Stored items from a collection
------

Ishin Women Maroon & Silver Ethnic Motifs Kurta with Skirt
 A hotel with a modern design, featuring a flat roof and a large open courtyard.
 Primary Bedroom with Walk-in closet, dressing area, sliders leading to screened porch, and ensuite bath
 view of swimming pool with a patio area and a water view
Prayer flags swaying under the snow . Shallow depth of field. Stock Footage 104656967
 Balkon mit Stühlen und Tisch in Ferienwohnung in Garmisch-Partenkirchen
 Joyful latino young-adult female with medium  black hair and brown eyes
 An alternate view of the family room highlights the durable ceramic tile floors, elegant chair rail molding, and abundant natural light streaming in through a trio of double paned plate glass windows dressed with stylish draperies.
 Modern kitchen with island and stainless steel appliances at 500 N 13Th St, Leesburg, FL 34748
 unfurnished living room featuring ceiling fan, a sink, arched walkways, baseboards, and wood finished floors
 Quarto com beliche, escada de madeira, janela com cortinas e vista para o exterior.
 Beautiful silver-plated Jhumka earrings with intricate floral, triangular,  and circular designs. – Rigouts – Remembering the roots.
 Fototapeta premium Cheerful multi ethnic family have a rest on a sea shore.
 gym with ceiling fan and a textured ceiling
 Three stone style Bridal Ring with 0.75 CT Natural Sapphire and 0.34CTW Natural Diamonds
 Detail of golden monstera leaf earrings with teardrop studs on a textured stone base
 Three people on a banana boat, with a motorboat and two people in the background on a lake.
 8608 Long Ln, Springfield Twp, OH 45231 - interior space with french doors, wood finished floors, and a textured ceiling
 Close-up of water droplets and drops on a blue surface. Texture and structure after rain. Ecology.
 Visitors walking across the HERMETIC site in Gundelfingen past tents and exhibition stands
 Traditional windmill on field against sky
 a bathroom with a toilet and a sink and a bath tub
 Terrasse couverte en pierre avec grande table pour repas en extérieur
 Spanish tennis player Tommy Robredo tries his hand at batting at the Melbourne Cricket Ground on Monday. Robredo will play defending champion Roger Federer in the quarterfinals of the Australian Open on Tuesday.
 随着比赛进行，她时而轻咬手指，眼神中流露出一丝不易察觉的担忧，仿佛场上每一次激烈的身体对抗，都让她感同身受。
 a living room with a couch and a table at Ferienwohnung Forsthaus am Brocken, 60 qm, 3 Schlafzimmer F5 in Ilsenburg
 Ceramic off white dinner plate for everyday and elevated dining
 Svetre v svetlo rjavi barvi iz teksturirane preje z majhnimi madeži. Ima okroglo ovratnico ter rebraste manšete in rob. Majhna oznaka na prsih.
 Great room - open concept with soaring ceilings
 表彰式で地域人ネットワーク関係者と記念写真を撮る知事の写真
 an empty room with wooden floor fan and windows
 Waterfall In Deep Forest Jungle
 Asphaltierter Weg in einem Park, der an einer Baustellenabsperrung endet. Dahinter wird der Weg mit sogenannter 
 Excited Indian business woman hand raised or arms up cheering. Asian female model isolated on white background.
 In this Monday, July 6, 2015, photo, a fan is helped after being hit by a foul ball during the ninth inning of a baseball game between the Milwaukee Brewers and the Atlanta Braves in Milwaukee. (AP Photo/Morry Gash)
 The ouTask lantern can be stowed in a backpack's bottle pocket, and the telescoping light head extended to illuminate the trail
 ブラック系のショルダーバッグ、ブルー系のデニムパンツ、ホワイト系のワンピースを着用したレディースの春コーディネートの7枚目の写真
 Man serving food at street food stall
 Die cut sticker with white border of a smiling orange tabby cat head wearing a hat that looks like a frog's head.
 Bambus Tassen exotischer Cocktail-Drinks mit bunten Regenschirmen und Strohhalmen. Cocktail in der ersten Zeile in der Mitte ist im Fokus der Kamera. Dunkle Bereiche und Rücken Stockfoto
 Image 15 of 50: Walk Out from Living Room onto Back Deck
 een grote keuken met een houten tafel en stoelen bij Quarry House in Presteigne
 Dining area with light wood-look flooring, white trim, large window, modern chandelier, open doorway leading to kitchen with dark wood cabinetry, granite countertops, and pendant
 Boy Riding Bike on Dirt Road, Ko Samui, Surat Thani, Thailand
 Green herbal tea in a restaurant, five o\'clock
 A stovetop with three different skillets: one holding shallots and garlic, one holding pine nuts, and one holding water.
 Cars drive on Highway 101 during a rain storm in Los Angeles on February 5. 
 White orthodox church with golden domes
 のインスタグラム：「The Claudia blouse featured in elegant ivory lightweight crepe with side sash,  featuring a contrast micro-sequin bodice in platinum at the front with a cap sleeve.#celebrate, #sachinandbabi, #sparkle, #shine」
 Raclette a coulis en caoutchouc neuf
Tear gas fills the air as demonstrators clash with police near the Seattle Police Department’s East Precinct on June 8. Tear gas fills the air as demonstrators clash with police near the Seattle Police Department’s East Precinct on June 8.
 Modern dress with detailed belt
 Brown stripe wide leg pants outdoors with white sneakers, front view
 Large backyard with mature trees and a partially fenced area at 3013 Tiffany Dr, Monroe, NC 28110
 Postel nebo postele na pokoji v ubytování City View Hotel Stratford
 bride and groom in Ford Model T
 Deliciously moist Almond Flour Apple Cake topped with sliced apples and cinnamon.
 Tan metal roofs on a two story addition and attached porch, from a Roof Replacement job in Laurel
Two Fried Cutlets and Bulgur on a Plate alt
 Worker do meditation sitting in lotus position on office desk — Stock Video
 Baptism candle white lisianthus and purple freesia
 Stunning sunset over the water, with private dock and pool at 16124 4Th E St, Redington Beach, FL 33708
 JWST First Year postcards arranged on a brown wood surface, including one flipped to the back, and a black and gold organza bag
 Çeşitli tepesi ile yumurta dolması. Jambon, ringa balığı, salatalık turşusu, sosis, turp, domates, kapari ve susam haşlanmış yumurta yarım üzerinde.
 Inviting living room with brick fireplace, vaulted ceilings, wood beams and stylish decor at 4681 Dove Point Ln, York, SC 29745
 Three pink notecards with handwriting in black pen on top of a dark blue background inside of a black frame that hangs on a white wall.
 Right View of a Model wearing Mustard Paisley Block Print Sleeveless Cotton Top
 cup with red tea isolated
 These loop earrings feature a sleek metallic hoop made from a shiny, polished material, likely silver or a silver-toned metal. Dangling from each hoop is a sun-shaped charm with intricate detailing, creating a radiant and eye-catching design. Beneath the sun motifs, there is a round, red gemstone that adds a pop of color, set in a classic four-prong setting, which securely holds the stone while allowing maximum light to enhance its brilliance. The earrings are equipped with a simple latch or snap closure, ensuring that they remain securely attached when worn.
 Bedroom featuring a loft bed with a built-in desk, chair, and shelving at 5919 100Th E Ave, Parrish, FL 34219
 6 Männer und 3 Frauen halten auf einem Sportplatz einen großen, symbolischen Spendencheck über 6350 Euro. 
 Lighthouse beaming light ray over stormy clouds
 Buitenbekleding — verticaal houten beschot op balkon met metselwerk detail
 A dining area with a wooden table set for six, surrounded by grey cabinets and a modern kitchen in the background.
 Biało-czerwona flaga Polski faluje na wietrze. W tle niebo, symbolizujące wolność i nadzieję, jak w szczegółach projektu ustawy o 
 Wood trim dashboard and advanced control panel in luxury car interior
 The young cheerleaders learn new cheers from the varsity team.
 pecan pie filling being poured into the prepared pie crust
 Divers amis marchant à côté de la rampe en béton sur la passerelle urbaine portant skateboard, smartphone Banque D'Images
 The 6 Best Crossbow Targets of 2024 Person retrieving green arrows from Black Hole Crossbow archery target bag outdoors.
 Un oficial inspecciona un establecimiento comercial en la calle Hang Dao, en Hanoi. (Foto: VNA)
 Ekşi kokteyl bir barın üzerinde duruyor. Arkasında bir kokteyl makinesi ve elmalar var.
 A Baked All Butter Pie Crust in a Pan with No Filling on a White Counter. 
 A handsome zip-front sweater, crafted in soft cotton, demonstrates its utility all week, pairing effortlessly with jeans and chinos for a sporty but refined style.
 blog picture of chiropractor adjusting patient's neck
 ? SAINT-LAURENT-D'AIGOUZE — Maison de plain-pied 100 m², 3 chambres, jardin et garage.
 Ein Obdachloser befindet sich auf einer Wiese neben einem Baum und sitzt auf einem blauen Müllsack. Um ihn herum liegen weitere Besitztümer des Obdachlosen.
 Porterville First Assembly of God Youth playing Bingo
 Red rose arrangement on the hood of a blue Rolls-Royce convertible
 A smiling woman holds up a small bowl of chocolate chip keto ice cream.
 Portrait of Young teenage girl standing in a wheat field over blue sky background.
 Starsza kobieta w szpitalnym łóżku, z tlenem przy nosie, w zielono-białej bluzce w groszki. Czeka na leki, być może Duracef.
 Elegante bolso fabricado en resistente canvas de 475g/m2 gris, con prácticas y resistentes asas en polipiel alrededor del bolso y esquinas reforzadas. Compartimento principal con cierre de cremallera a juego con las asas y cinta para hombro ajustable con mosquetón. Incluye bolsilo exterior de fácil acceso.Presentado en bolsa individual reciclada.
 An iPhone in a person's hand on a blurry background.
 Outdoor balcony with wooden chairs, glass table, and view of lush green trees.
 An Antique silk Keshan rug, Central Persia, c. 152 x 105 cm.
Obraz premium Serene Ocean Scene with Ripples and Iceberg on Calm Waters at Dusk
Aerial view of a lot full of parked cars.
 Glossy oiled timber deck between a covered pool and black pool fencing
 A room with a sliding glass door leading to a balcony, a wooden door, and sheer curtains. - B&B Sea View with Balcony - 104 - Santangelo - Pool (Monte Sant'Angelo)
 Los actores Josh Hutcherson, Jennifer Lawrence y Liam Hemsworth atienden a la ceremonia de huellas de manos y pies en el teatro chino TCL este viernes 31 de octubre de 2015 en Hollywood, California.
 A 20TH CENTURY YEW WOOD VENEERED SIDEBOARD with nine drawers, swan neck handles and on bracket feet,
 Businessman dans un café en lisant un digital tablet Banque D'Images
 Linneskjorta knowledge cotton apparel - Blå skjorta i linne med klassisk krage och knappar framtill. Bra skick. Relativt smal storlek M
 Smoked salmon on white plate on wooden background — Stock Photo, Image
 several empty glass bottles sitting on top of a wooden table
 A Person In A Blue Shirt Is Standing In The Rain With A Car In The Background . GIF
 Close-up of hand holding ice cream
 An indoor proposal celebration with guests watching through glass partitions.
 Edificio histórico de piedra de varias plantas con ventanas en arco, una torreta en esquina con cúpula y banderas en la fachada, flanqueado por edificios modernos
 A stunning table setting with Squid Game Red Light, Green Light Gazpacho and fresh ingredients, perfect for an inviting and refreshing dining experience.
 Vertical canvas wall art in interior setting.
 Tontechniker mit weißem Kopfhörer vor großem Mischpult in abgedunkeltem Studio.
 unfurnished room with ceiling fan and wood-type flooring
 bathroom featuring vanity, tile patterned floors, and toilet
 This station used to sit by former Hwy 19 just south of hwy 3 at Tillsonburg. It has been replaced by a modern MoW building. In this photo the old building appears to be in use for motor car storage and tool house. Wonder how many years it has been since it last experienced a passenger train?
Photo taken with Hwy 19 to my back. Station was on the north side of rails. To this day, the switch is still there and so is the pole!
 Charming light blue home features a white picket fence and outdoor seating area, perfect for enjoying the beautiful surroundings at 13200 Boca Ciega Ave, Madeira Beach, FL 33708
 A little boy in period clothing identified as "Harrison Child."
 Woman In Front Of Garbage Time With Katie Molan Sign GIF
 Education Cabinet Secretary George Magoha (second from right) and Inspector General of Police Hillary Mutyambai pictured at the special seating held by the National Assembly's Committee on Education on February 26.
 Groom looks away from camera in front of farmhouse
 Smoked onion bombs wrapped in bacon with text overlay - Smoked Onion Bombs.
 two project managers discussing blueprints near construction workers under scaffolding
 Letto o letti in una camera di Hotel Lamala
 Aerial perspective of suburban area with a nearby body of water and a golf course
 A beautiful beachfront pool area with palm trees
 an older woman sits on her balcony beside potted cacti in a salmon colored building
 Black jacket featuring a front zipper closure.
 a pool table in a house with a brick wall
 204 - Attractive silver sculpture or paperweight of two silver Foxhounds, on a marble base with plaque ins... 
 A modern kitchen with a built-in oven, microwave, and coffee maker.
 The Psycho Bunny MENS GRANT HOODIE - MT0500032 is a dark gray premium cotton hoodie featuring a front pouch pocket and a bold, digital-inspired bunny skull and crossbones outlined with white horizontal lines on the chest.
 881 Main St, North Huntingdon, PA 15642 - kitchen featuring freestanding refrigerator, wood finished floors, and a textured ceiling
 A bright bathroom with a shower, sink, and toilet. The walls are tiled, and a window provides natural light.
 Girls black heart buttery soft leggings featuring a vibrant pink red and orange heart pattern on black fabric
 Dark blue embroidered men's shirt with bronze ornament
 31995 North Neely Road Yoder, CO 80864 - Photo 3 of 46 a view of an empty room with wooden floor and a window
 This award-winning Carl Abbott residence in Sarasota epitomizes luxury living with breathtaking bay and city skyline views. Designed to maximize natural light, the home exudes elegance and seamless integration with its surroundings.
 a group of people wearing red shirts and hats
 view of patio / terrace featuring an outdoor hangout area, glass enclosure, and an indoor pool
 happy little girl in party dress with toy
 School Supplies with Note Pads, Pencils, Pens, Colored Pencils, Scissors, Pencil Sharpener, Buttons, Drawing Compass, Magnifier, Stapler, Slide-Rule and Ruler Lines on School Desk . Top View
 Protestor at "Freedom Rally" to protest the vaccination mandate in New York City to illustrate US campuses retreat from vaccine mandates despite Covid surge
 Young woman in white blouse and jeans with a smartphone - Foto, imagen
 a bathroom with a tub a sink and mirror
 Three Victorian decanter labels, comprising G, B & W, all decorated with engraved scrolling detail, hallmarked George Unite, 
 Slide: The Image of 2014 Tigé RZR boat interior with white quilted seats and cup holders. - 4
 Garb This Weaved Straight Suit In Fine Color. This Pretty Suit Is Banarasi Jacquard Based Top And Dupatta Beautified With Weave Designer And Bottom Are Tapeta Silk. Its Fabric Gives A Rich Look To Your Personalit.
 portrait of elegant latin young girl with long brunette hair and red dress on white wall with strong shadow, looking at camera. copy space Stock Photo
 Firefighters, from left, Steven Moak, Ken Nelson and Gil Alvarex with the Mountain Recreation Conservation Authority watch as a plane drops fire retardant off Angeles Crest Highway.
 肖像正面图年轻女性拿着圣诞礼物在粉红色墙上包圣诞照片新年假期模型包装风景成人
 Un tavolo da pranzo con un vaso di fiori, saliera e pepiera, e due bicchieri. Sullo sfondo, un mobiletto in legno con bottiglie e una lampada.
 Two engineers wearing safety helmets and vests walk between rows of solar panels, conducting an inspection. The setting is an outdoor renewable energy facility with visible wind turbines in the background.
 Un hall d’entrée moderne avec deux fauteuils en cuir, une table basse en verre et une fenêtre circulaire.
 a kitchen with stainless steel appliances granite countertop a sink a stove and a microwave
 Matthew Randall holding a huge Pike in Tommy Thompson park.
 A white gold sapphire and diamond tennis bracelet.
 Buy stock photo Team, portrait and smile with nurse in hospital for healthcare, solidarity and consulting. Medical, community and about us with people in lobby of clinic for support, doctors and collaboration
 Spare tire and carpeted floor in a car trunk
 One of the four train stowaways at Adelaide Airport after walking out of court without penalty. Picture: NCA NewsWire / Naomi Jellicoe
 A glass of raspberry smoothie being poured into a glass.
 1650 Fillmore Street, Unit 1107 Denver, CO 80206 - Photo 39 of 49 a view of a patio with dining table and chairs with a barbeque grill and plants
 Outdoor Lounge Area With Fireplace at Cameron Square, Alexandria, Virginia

------

◆ **Exercise description**
Start with the line above that contains "Excited Indian business" and end with the line that contains "Die cut sticker". Write out those lines exactly, and only those.

◆ **Answer for the task**
 Excited Indian business woman hand raised or arms up cheering. Asian female model isolated on white background.
 In this Monday, July 6, 2015, photo, a fan is helped after being hit by a foul ball during the ninth inning of a baseball game between the Milwaukee Brewers and the Atlanta Braves in Milwaukee. (AP Photo/Morry Gash)
 The ouTask lantern can be stowed in a backpack's bottle pocket, and the telescoping light head extended to illuminate the trail
 ブラック系のショルダーバッグ、ブルー系のデニムパンツ、ホワイト系のワンピースを着用したレディースの春コーディネートの7枚目の写真
 Man serving food at street food stall
 Die cut sticker with white border of a smiling orange tabby cat head wearing a hat that looks like a frog's head.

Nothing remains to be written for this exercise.